- [TRY IT]: Would you output all the lines below precisely as they stand, leaving each picture out?

- [COLLECTED MATERIAL]:
—————
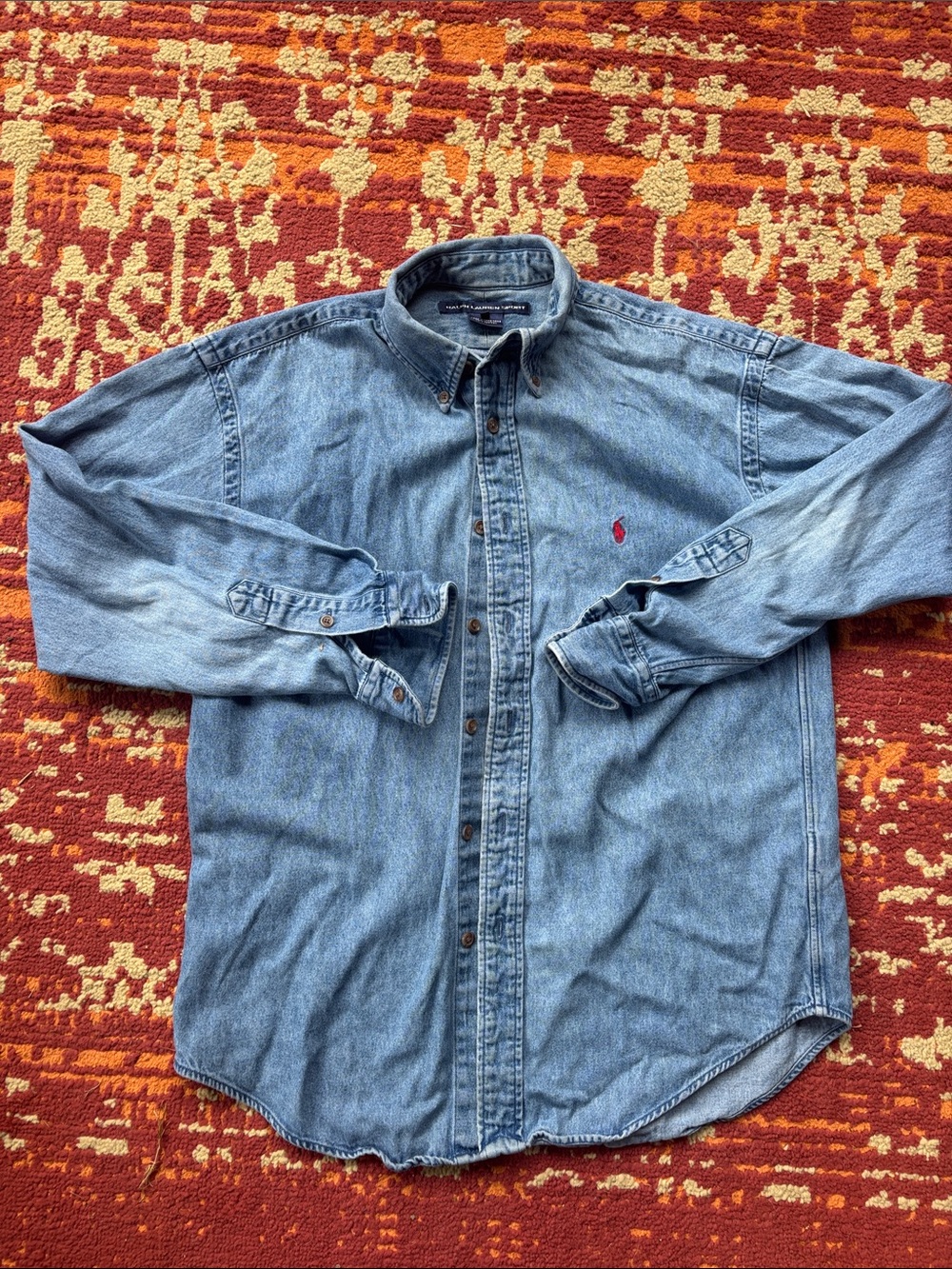 Vintage Polo by Ralph Lauren Sport Blue Denim Button-Down Shirt with Red Pony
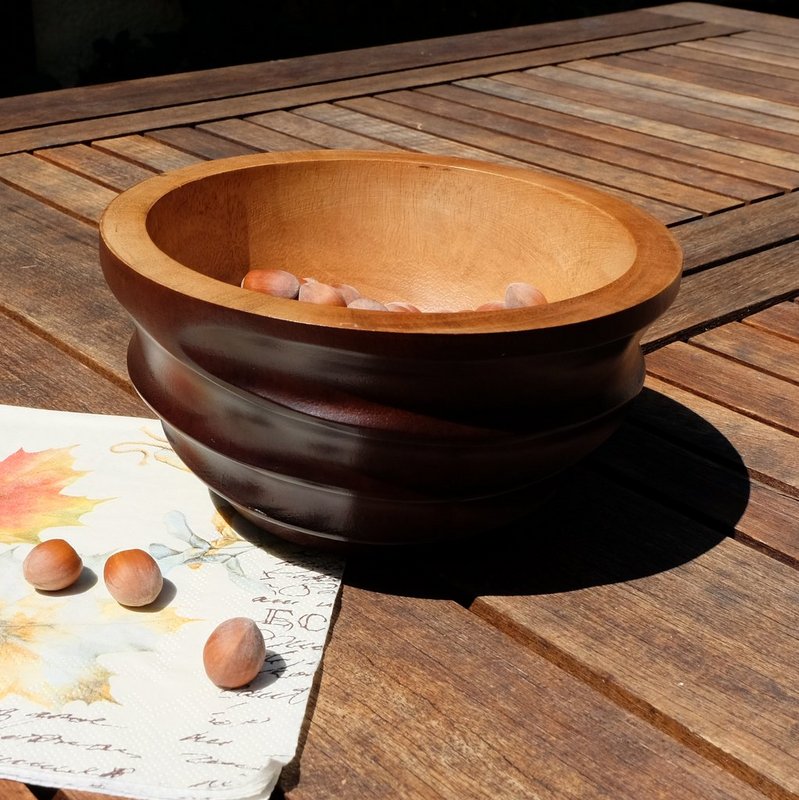 Holzschale - Obstschale - Salatschale - Modell  Twist - choco - verschiedene Größen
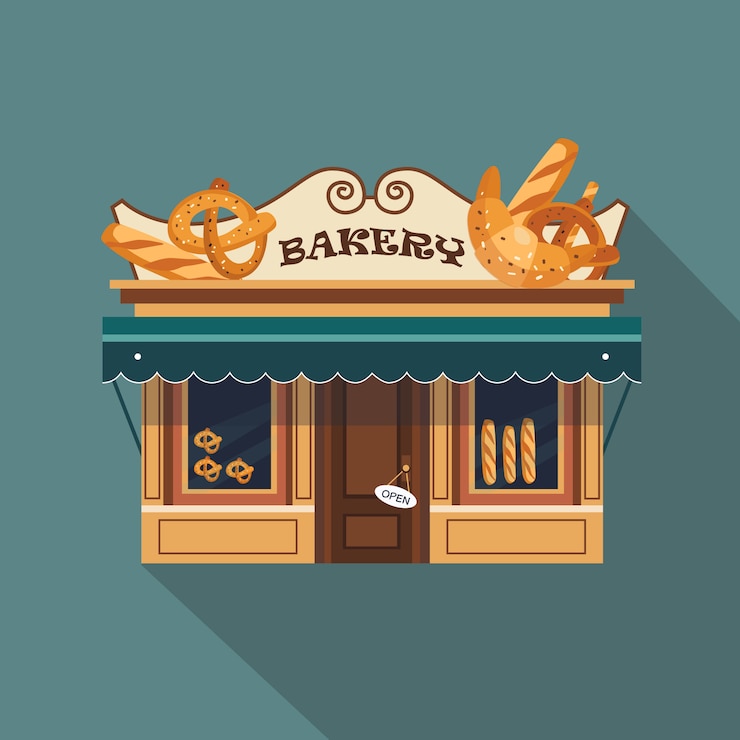 Vector restaurants and shops facade, storefront detailed flat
—————
- [PROBLEM SOLUTION]:
 Vintage Polo by Ralph Lauren Sport Blue Denim Button-Down Shirt with Red Pony
 Holzschale - Obstschale - Salatschale - Modell  Twist - choco - verschiedene Größen
 Vector restaurants and shops facade, storefront detailed flat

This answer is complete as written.